Ce paradoxe laisse à penser que, si les groupes politiques ont besoin d'une identité interne forte pour maintenir l'engagement nécessaire à une lutte politique efficace, cette même cohésion tend à isoler le groupe. Les groupes isolés subissent une très forte pression pour atteindre les objectifs politiques qui ont été fixés.


C'est vrai de tous les groupes, mais ça peut avoir des conséquences particulières pour un groupe impliqué dans la lutte politique, qui ne doit pas seulement nourrir une identité interne forte, mais aussi se trouver des alliés.


La tendance à l'isolement peut croître très rapidement dans les groupes politiques, car "lutter contre" peut induire une psychologie "contre". Les militants qui se heurtent au type de résistance que le Mouvement pour les droits civiques a enduré, par exemple, en bavent. D'un côté, les participants ont plus que jamais besoin de se tourner les uns vers les autres pour se transmettre force et soutien. Ils ressentent une cohésion avec l'identité de groupe qui va les motiver dans ces moments où le conflit monte en puissance. D'un autre côté, ils ont besoin de rester ouverts, connectés à une base élargie et croissante. C'est difficile à réaliser, même quand les meneurs sont pleinement dédiés à la tâche, sans parler des cas de figure où ils sont pris au dépourvu, ce qui se produit souvent.
...
Les extrémistes dévoués se coupent du monde, comme des guérilleros solitaires en territoire ennemi. Ç'aurait pu être splendide, mais là, c'était une mission suicidaire.

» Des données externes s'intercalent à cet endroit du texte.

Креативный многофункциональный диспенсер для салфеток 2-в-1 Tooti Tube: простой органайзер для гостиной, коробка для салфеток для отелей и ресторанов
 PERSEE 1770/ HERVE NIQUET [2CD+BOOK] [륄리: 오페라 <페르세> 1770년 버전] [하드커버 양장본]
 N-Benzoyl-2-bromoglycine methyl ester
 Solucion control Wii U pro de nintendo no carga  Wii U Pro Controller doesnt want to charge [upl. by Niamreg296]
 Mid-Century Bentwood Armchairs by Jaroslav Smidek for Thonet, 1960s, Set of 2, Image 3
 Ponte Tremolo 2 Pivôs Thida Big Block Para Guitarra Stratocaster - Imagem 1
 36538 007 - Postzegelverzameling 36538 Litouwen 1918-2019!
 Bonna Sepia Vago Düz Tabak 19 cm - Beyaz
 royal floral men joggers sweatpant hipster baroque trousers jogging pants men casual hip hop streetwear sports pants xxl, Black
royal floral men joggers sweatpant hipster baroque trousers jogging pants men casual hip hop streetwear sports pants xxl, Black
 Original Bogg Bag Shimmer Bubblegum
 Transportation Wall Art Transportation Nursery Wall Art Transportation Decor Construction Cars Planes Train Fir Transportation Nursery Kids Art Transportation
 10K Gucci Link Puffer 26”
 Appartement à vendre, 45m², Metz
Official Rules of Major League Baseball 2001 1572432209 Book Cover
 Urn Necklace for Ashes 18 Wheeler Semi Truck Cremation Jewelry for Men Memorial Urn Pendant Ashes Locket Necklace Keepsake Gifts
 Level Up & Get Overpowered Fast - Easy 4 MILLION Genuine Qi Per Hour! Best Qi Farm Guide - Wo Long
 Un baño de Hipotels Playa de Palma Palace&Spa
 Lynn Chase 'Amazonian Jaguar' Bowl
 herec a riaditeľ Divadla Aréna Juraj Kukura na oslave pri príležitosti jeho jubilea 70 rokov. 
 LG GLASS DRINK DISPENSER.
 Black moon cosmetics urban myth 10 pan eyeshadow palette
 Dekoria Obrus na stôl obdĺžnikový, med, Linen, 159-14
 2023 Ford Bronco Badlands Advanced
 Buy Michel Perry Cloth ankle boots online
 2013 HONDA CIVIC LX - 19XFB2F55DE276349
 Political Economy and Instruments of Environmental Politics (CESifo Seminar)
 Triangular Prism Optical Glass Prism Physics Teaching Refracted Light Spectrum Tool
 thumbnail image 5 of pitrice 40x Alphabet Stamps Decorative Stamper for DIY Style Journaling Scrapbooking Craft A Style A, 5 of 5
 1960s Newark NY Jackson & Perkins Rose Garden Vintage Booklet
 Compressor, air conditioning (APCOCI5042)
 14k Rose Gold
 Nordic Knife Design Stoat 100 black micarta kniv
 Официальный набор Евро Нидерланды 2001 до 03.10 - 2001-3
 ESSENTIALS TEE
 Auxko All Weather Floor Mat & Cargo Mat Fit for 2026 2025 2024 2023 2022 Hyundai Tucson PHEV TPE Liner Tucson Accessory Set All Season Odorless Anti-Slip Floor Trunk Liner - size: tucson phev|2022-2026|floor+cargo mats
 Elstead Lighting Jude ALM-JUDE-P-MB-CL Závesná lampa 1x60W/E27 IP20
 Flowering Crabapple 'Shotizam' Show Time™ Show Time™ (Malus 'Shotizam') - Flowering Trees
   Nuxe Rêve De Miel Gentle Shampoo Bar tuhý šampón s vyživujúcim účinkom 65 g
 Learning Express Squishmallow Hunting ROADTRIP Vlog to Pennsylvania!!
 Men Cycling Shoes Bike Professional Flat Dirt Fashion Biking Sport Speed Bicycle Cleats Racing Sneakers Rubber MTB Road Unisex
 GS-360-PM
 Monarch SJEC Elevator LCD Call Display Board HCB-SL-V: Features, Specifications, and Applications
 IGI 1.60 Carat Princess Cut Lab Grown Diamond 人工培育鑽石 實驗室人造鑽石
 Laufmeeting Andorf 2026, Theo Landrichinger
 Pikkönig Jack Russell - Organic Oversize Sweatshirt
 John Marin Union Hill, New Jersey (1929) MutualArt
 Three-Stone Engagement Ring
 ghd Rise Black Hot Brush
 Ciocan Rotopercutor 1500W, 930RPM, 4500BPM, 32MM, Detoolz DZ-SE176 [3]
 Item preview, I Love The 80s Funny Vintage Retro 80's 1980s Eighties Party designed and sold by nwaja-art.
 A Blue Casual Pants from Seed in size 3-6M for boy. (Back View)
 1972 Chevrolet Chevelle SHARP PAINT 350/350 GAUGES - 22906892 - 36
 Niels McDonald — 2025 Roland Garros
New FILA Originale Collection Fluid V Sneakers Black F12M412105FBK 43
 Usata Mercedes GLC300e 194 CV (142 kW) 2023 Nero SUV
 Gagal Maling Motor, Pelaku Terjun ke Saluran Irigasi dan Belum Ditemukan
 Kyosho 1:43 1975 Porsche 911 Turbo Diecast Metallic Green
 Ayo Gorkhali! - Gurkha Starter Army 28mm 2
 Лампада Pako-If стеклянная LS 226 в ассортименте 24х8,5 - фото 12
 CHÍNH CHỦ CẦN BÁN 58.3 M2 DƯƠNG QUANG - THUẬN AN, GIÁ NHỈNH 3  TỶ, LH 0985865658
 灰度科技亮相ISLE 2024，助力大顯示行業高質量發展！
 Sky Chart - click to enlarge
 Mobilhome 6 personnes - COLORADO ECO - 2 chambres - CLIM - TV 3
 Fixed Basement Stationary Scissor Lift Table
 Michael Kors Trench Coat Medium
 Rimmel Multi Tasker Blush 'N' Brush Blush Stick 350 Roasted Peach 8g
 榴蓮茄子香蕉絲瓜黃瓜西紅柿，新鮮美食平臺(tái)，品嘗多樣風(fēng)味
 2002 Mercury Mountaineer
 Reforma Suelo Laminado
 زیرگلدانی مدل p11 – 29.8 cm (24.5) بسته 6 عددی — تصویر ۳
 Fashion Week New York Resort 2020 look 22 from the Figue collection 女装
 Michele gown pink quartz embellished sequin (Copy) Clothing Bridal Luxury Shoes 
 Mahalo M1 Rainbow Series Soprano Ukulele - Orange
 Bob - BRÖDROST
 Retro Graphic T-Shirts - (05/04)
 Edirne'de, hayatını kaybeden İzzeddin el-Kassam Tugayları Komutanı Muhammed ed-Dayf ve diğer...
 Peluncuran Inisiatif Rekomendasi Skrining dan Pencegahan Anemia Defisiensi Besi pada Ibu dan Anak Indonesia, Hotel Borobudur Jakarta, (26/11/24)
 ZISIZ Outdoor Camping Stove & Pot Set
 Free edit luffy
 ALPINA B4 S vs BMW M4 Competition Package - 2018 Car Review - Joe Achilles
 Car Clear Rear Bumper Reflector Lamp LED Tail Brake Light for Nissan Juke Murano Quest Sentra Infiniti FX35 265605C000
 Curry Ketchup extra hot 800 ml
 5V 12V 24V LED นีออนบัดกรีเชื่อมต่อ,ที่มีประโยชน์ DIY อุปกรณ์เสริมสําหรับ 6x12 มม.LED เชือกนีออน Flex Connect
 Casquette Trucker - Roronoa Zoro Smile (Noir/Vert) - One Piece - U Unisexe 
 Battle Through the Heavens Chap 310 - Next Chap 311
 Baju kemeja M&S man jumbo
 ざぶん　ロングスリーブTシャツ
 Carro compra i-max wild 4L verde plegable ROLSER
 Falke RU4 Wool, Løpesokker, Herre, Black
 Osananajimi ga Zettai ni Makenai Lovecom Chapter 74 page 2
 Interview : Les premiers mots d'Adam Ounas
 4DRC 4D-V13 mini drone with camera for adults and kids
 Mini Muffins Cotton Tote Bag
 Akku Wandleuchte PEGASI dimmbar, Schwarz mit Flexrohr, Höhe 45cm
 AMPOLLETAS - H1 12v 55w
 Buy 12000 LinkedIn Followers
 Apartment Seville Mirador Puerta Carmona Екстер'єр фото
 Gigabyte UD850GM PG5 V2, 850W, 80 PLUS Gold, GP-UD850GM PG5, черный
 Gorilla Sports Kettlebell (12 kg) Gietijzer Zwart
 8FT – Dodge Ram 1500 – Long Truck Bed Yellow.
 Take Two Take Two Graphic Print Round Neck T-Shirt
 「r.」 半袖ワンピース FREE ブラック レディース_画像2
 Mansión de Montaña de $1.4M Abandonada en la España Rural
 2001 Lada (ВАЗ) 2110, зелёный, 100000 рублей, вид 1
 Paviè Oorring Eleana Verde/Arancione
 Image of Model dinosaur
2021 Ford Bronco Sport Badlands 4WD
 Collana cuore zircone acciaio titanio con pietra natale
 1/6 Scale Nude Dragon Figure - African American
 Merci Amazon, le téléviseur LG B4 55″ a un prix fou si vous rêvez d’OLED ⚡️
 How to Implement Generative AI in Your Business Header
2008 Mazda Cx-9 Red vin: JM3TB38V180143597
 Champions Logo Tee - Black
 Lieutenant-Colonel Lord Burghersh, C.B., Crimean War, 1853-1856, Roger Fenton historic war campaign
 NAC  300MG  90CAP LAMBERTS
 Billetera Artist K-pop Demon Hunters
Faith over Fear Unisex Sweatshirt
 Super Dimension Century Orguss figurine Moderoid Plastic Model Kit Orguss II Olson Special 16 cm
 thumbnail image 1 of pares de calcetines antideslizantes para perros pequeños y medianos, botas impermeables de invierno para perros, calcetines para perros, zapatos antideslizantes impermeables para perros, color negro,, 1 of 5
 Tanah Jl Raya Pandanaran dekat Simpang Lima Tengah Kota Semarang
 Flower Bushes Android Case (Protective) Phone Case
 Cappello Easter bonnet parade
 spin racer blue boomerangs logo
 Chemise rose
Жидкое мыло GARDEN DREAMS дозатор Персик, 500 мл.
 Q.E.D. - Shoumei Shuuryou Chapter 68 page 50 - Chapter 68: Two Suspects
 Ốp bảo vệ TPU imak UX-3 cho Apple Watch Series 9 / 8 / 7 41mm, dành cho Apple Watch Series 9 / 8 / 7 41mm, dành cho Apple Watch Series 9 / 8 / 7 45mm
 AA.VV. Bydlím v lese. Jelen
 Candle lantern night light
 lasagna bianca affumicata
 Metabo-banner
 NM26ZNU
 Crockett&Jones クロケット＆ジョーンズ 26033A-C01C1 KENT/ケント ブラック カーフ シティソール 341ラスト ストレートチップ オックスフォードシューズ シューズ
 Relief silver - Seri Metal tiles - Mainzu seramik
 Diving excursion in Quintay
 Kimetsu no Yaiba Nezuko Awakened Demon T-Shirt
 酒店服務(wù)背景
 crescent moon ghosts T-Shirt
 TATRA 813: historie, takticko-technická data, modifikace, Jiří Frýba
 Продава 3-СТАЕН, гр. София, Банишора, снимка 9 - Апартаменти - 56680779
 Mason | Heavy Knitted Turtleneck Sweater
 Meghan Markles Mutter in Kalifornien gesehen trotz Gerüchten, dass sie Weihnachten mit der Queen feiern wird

Le paradoxe de l'identité politique fait écho à la nécessité pour les groupes politiques de développer à la fois des liens forts et des passerelles solides. Sans liens forts au sein du groupe, ses membres n'auront pas le niveau d'engagement nécessaire pour les luttes de plus grande importance. Mais à défaut de passerelles solides au-delà du groupe, celui-ci se révélera trop insulaire et trop isolé pour pouvoir forger de précieuses alliances.


De bons meneurs doivent opérer un équilibrage très subtil entre les impératifs conflictuels de la construction d'un sentiment d'identité fort au sein de leur groupe, et établir des contacts avec leurs alliés et potentiels par-delà le groupe."